Using the data that follows, give again word for word the lines between the one holding "Photo of property" and the one holding "5th image of 198 Helen St", inclusive. Omit the pictures.

_Given records:_

"""

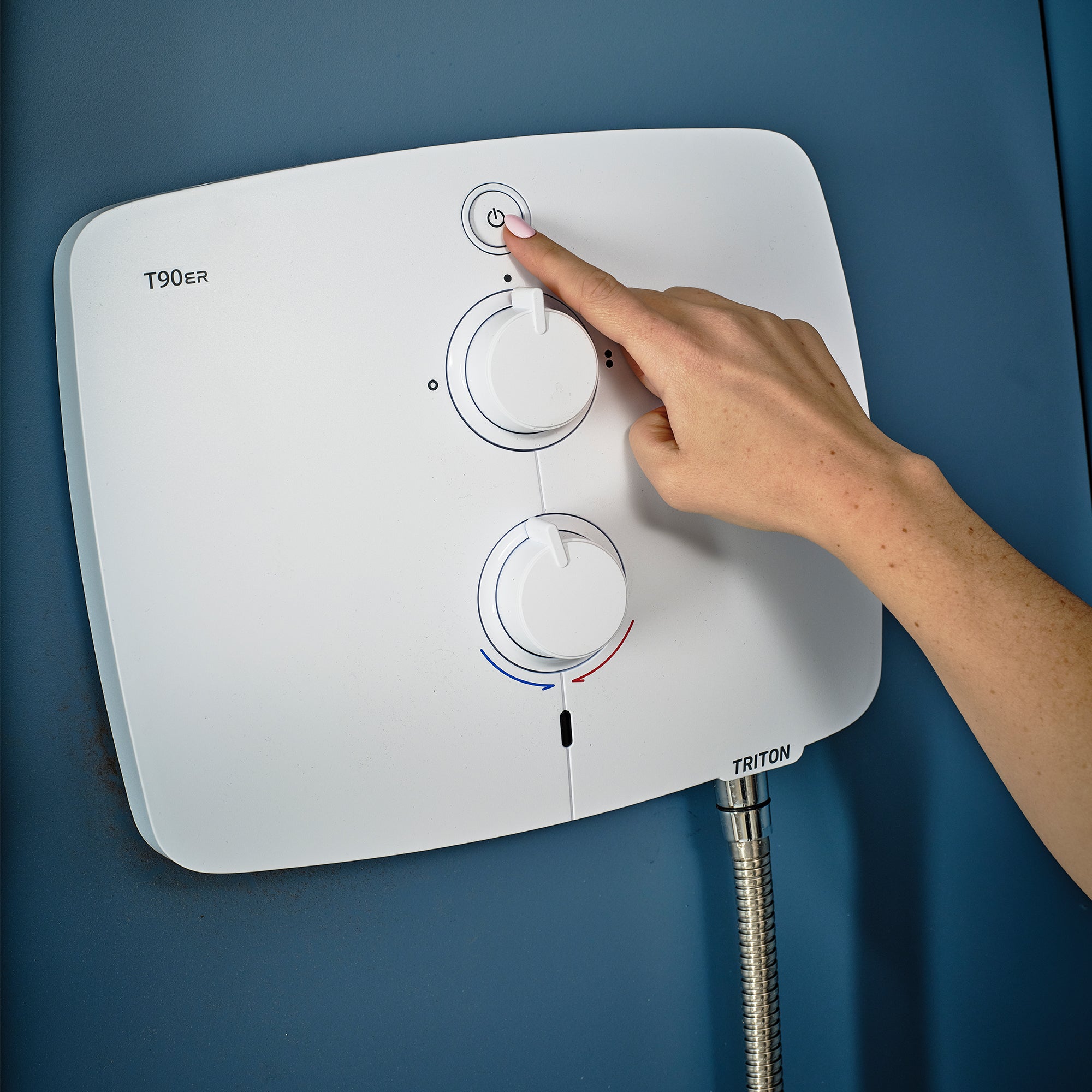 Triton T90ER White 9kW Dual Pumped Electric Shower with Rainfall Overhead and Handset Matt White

"""
"""

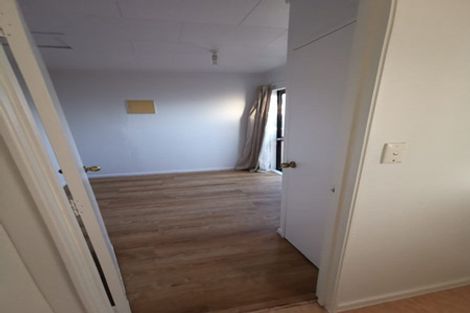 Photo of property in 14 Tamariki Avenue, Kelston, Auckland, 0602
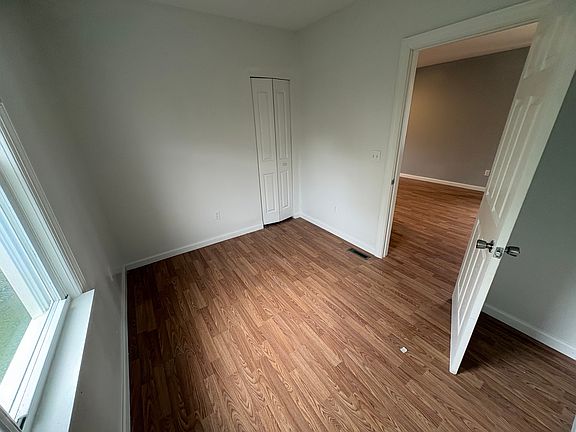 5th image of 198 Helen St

"""

_Result:_
 Photo of property in 14 Tamariki Avenue, Kelston, Auckland, 0602
 5th image of 198 Helen St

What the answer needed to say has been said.